* _Task brief_: Nothing but the records, transcribed exactly, should appear in the answer; leave the pictures out.

* _Recorded information_:
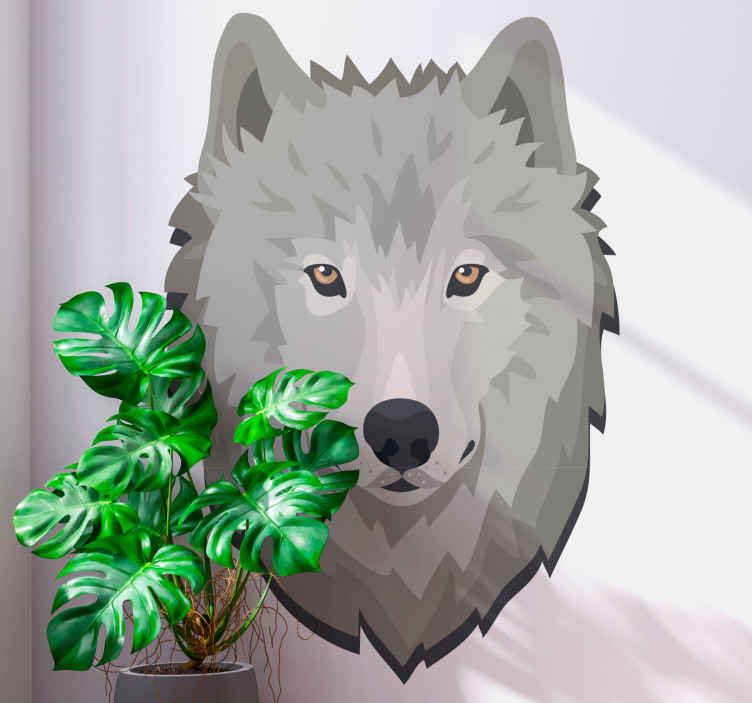 Wolf drawing grey wolf with yellow eyes sticker - TenStickers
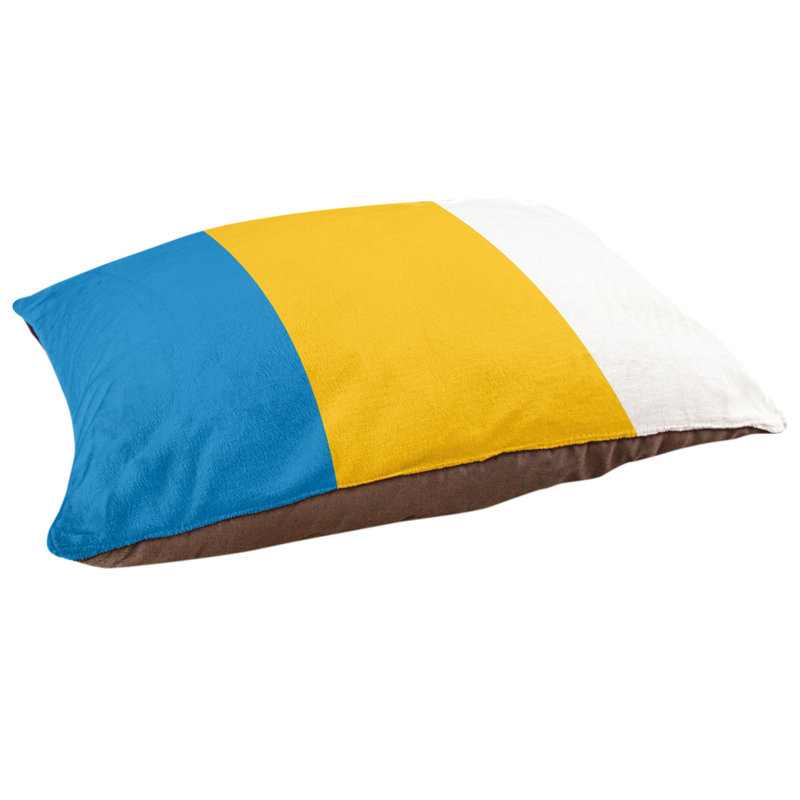 Coussin Cleveland, Grand (l 50 po x P 40 po x H 7 po), Bleu / Jaune / Blanc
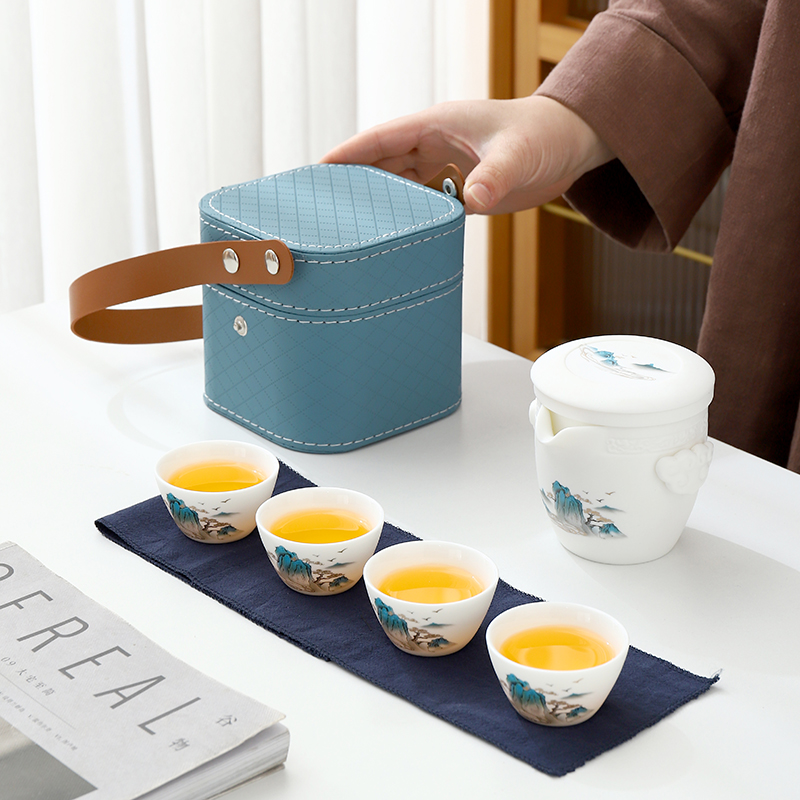 素烧羊脂玉瓷旅行茶具套装便携简约陶瓷快客杯一壶四杯户外泡茶器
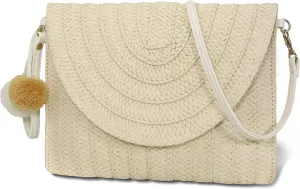 Women Beach Bag Summer Straw Woven Shoulder Bag Crossbody Bucket Handbags Handmade Hobo Purse Bamboo Handle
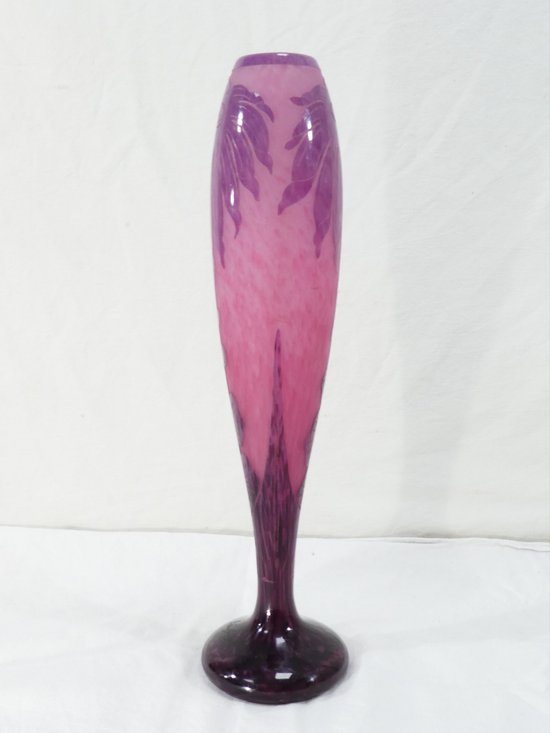  Grand Vase ART DECO aux DAHLIAS signé LE VERRE FRANCAIS /SCHNEIDER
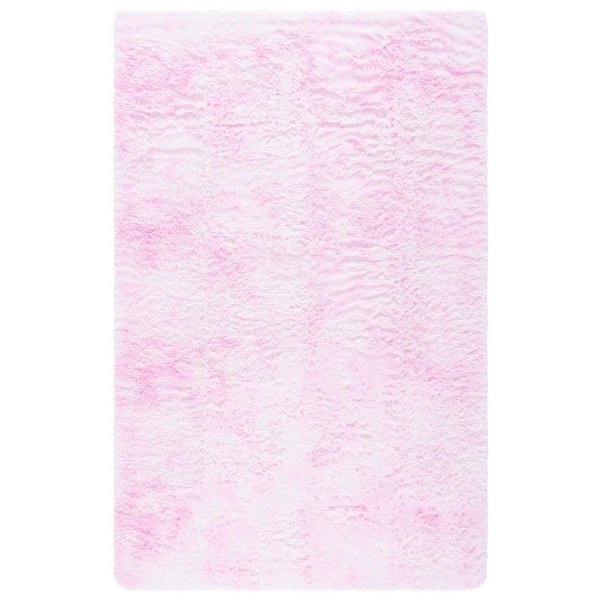 Rainbow Shag 6 ft. x 9 ft. Pink Abstract Solid Area Rug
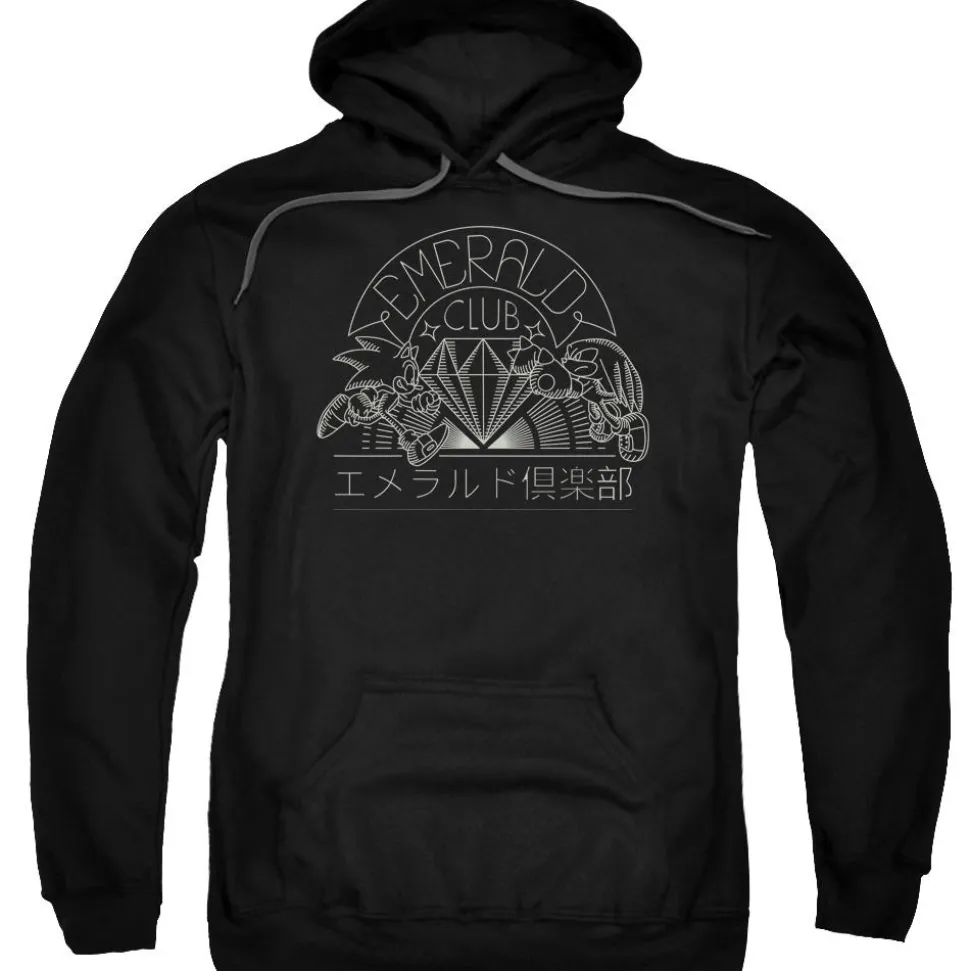 Sonic and Knuckles Emerald Club Black Hoodie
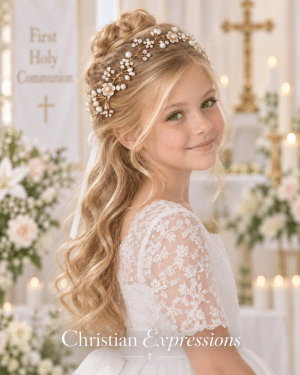 First Communion Hair Wreath with Rhinestones and Flowers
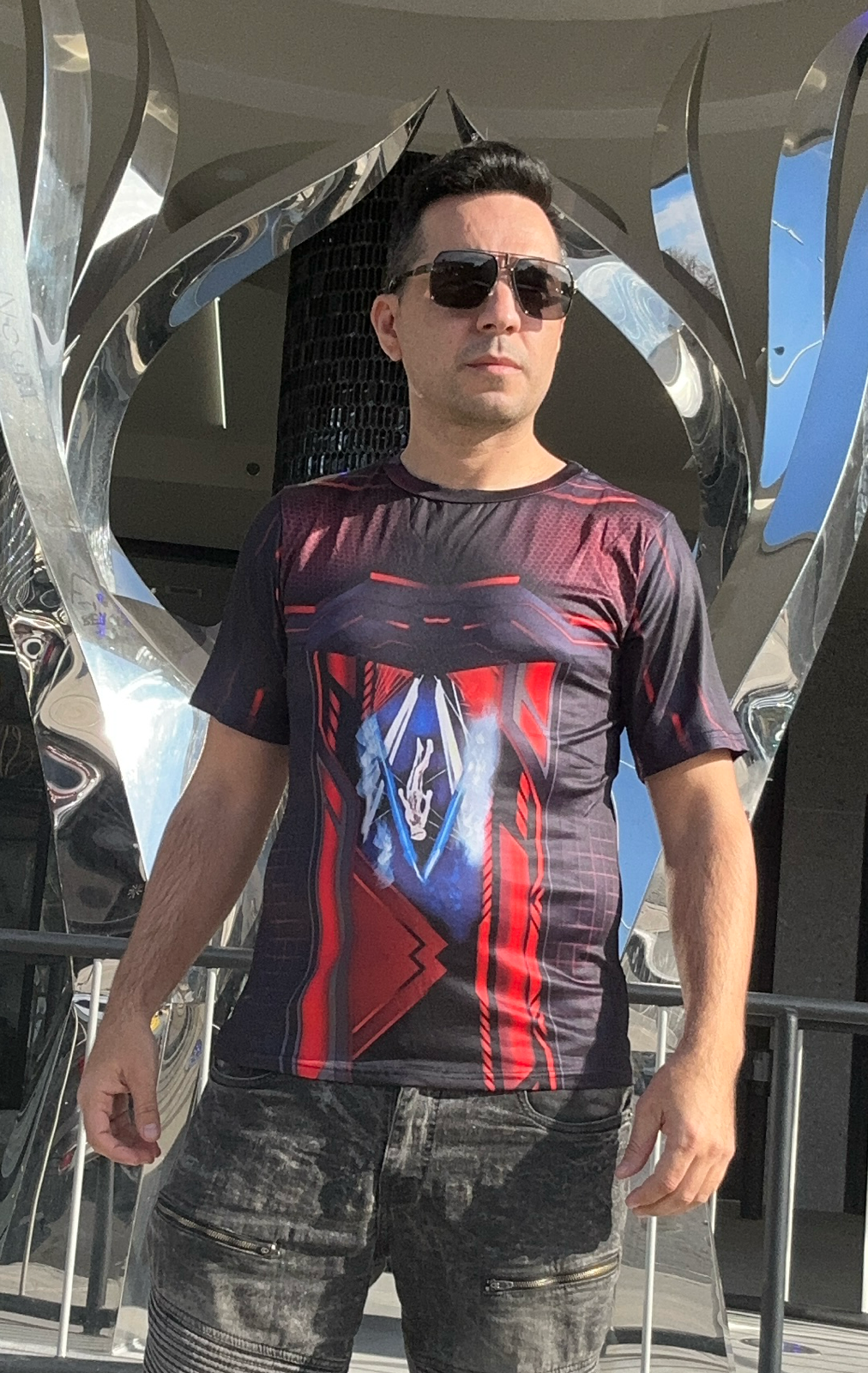 Red techno,O-neck,Short sleeve for men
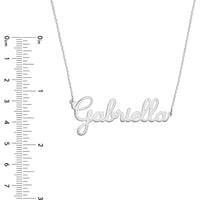 Olas d'Oro - 14K White Gold Cursive Nameplate Necklace - Adjustable 16-18 Inches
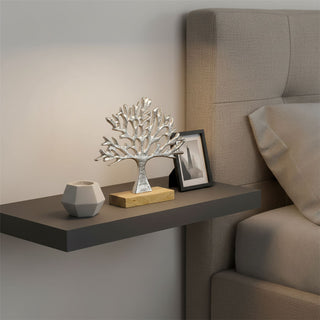 Tree of Life Ornament, 16.5cm Silver Metal Tree Sculpture on Mango Wood Base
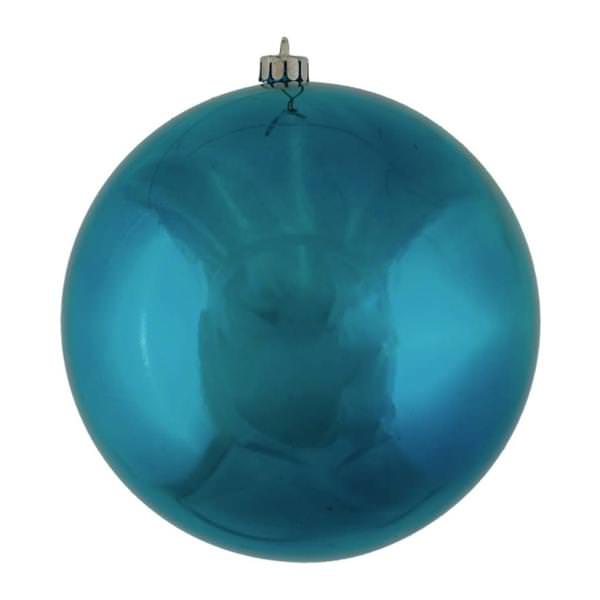 6" Sea Blue Shiny Ball Ornament (4 pack)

* _Response_:
 Wolf drawing grey wolf with yellow eyes sticker - TenStickers
 Coussin Cleveland, Grand (l 50 po x P 40 po x H 7 po), Bleu / Jaune / Blanc
 素烧羊脂玉瓷旅行茶具套装便携简约陶瓷快客杯一壶四杯户外泡茶器
 Women Beach Bag Summer Straw Woven Shoulder Bag Crossbody Bucket Handbags Handmade Hobo Purse Bamboo Handle
  Grand Vase ART DECO aux DAHLIAS signé LE VERRE FRANCAIS /SCHNEIDER
 Rainbow Shag 6 ft. x 9 ft. Pink Abstract Solid Area Rug
 Sonic and Knuckles Emerald Club Black Hoodie
 First Communion Hair Wreath with Rhinestones and Flowers
 Red techno,O-neck,Short sleeve for men
 Olas d'Oro - 14K White Gold Cursive Nameplate Necklace - Adjustable 16-18 Inches
 Tree of Life Ornament, 16.5cm Silver Metal Tree Sculpture on Mango Wood Base
 6" Sea Blue Shiny Ball Ornament (4 pack)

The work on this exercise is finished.